Brief descriptive captions
□ □ □ □ □

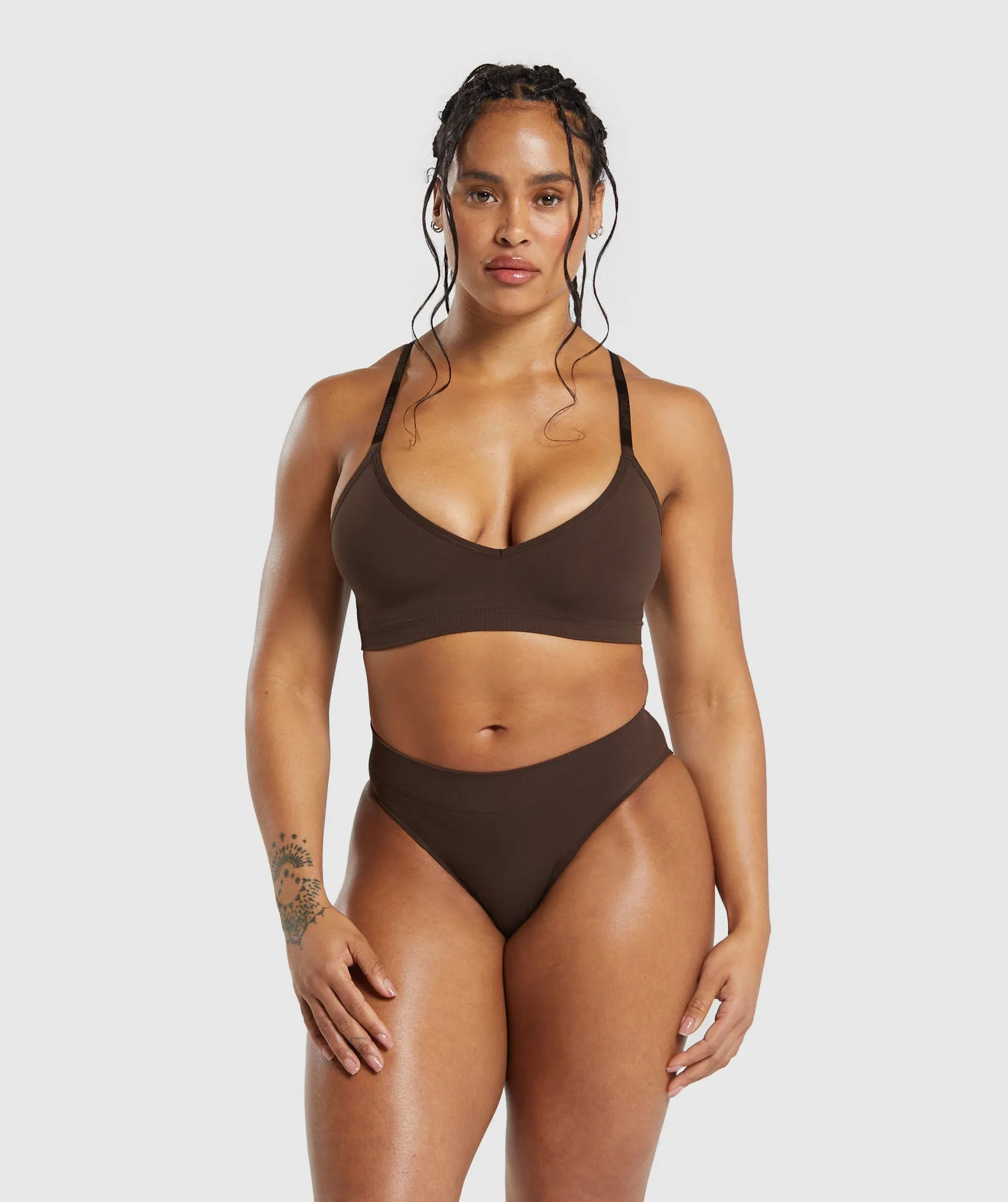 Gymshark Seamless Brief - Archive Brown sold by Gymshark product image thumbnail 4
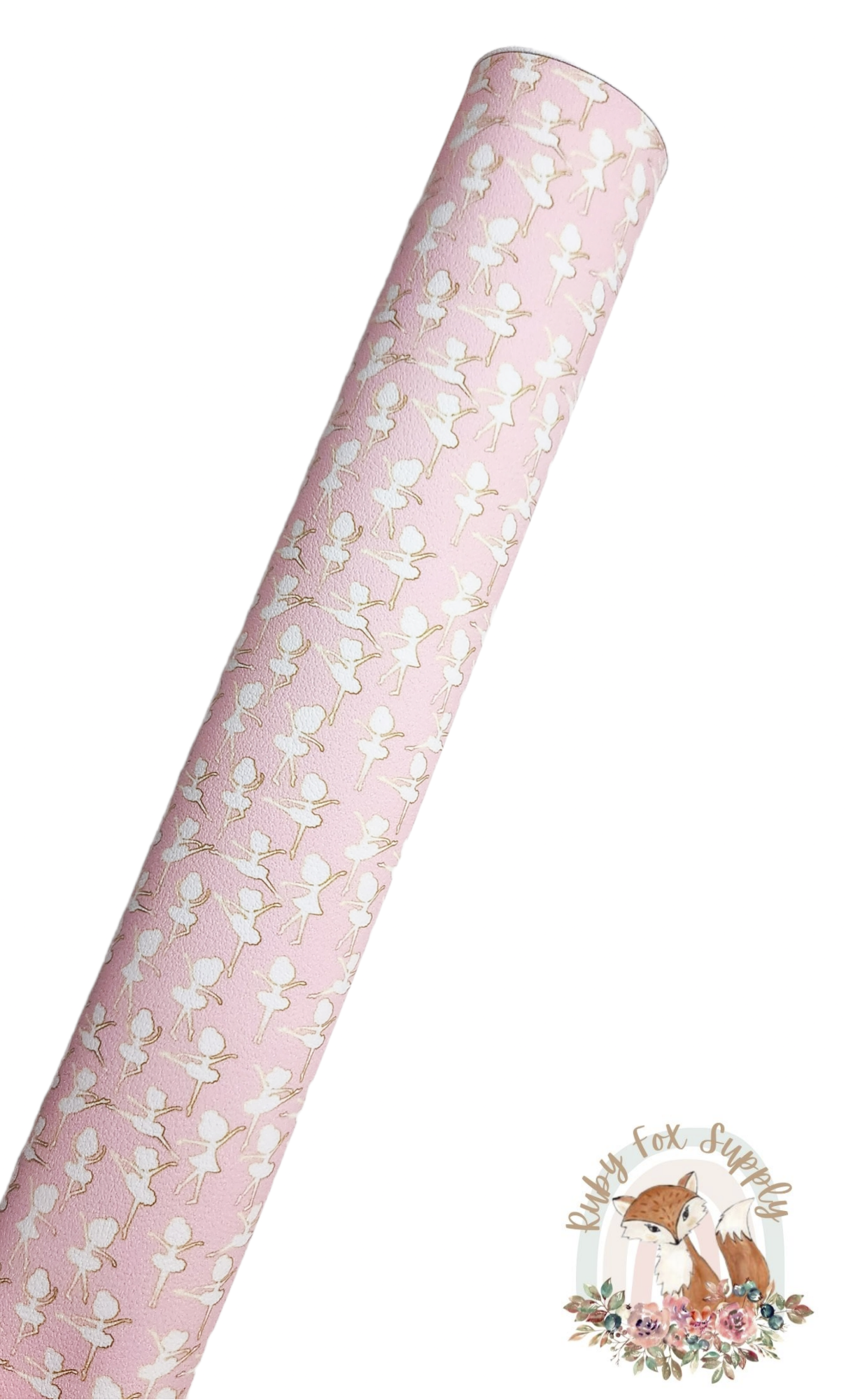 Pink Ballerina 9x12 faux leather sheet
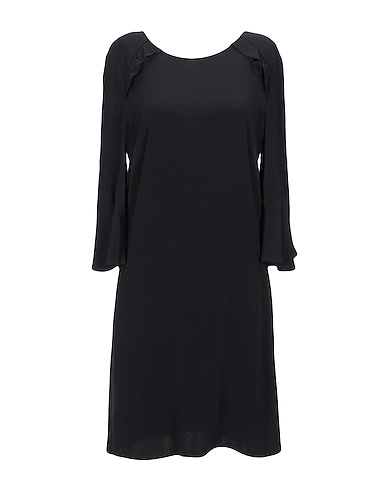 LIU •JO Short dress Black 99% Viscose, 1% Elastane, Polyester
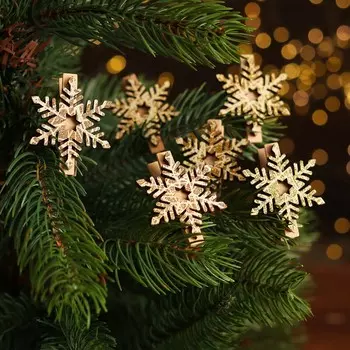 Новый год! набор декоративных прищепок с подсветкой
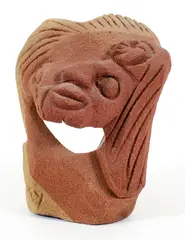 Lonnie Holley, 3 Figures in Profile - Human, Bird and Elephant, undated, c.1990, carved sandstone sculpture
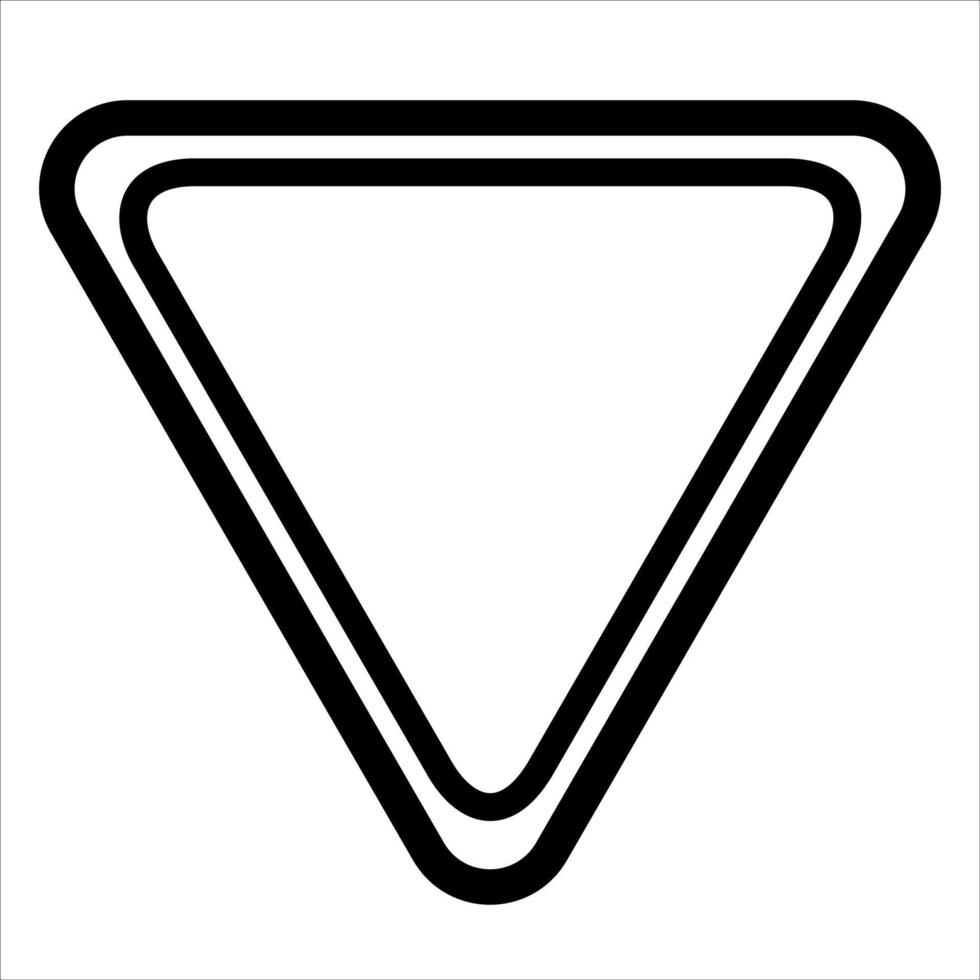 Classic billiard triangle element simple line style vector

□ □ □ □ □

WORK REQUEST -> Please print the lines from the one holding "Новый год! набор" through the end of the records above, unchanged and with the pictures left out.

WRITTEN RESPONSE ->
 Новый год! набор декоративных прищепок с подсветкой
 Lonnie Holley, 3 Figures in Profile - Human, Bird and Elephant, undated, c.1990, carved sandstone sculpture
 Classic billiard triangle element simple line style vector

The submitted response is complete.